Breaking News From the Department of the Really Weird → Washingtons Blog
Breaking News From the Department of the Really Weird - Washingtons Blog

Wednesday, March 24, 2010

Breaking News From the Department of the Really Weird


Here are two reports from the Department of the Really Weird.

Initially, a series of experiments showed that measurements an observer makes can influence events that have already happened in the past.

One experiment, reported by the Science Journal in 2007, confirmed that flipping a switch could retroactively change a result that had happened before the switch was flipped:

Even weirder still, the choice to allow the waves to recombine or not can be made even after the photon passes the fork where it should have split--or not.
Equally weird, the Journal Nature reports:

A team of scientists has succeeded in putting an object large enough to be visible to the naked eye into a mixed quantum state of moving and not moving.

***
Through a phenomenon known as 'superposition' a particle can be moving and stationary at the same time — at least until an outside force acts on it. Then it instantly chooses one of the two contradictory positions.

But although the rules of quantum mechanics seem to apply at small scales, nobody has seen evidence of them on a large scale, where outside influences can more easily destroy fragile quantum states. "No one has shown to date that if you take a big object, with trillions of atoms in it, that quantum mechanics applies to its motion," Cleland says.

There is no obvious reason why the rules of quantum mechanics shouldn't apply to large objects.

Note: Science and Nature are two of the most reputable mainstream science journals.






9 comments:

  1. I felt like I read this before.

    ReplyDelete
  2. The comfortable sense people commonly have that everything in their consciousness and provided by their perception of what is around them -weaves together such and such a way -a way that makes some clear and even adroit -sense- is generally a grotesque delusion -especially as seen by others from outside that circle of personal comfort.

    And generally absolutely -nothing- about what we believe is true -could be further from the truth.

    Truth -is as rare as hen's teeth.
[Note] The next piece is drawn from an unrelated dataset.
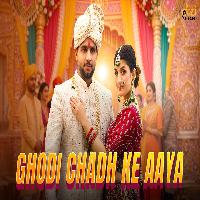 Sapne (Ghodi Chadh Ke Aaya) Ajay Dhankhar Ft Palak Sharma New Haryanvi Dj Song 2026 By Raj Mawar Poster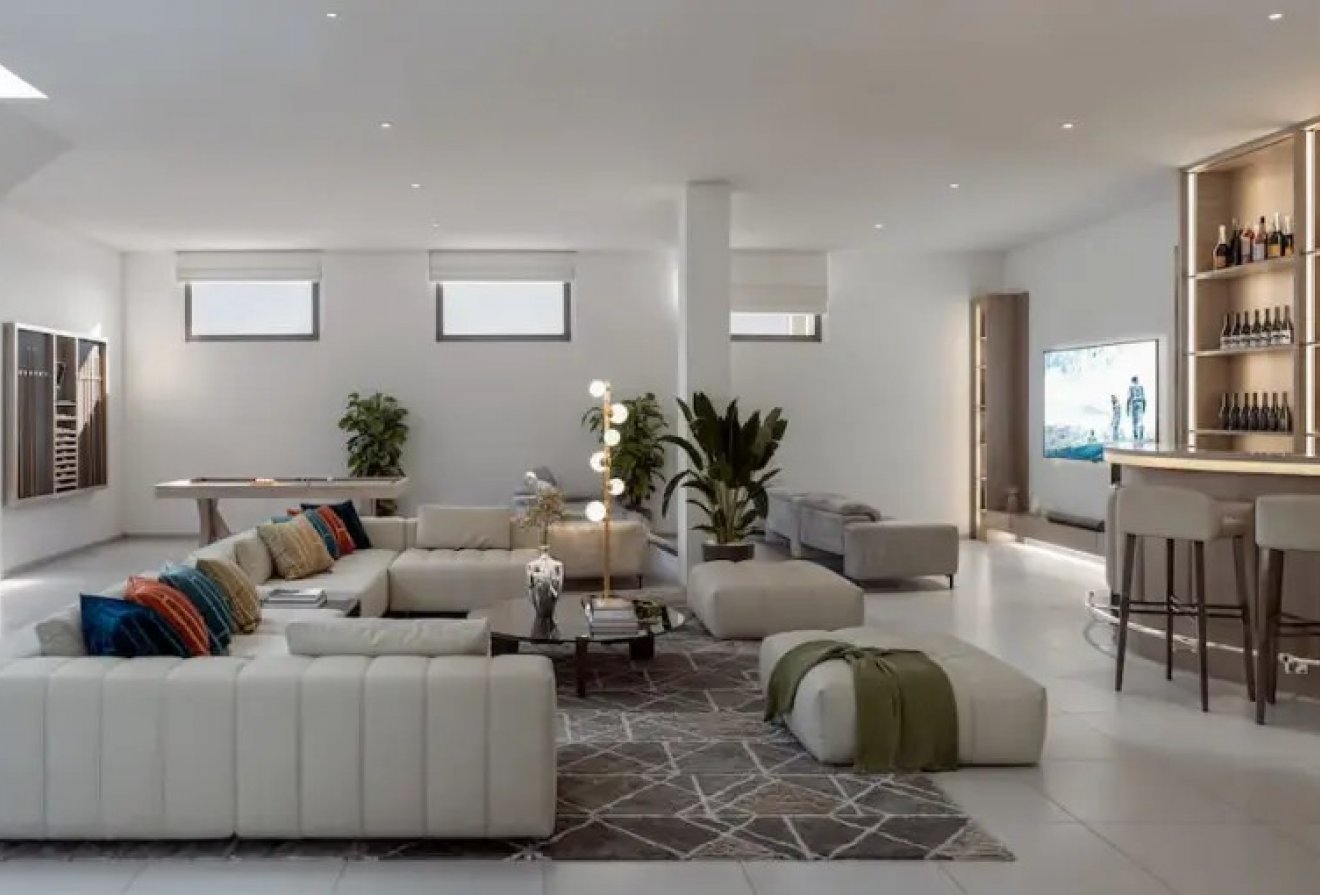 Nieuwbouw - Geschakelde woning -
Fuengirola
It's rarity is why we admire truth so much. -Twain

    Society terms those people most deluded in this comfortable-fashion -"insane"- -because they do not go along with the majority's commonly held delusions-of-cognitive-grandeur.
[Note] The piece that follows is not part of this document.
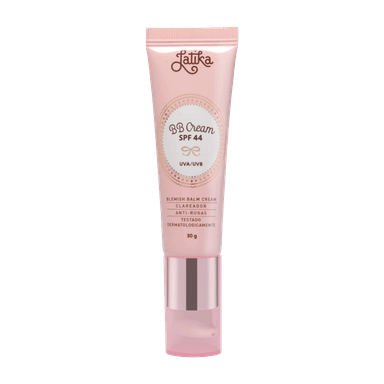 Latika BB Spf 44 Cream Clareador 30g - Escuro N30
    Honestly, folks, the day we -check out- just like the day we -checked in- there's absolutely nothing left that has that clear, concise concrete feel about it.

    And those two days are almost the only time during an entire lifetime -when anyone actually might have the required breadth-of-cognizance necessary to discern what it -IS- all about.

    It's not about being the "coolest" guy (or gal) in class, that's for sure.

    That guy typically turns out to be a thrice divorced wife-beater with a really bad drinking problem and a penchant for bicycles because of repeated OUI arrests, -if he's lucky.

    Happy Trails to YOU!

    ReplyDelete
  3. I feel as though I have both read this, and NOT read this, before.

    ReplyDelete
  4. I don't know why, but what occurs to me is that the particles (especially photons) perhaps only spend part of their time in this dimension - and part in the 5th dimension where time is perhaps not linear like it is for us.

    Maybe this is what allows photons to act like waves and particles - they act one way in the 4th dimension, and another in the 5th.


    -DaveP
    PGH PA

    ReplyDelete
  5. How would you feel if I told you that 99% of Quantum Mechanics is mere mind games based on faulty pure Math? Same applies to anyone, including Hawking, who attempts to interpret Maxwell's equations via the now proven faulty Lorentz transformations.

    We have reached yet another crossroads in our quest for 'Truth' - Koestler's 'Sleepwalkers' ride again.

    Meanwhile the 'new' (in reality old but squashed) physics quietly takes the stage. Think Birkeland, Tesla, Alfven, Thornhill and get real.

    Plasma, rather than gravity, rules the Universe, okay?

    ReplyDelete
  6. All energy might possess the potential to exist in any possible state at any given moment, a state of infinite possibilities perhaps. Like a blank canvas before the artist makes his mark on it.

    When the 'artist' makes his mark, or an observer or a force interacts with the energy, this potential could become narrowed and more specific allowing the energy to reflect certain possible states and not others.

    ReplyDelete
  7. I wish I could undo some things, in the past.
    Maybe Star Trek is right, you can time travel and change the past??

    ReplyDelete
  8. No, because if you change the past then you'll create a present in which you don't change the past.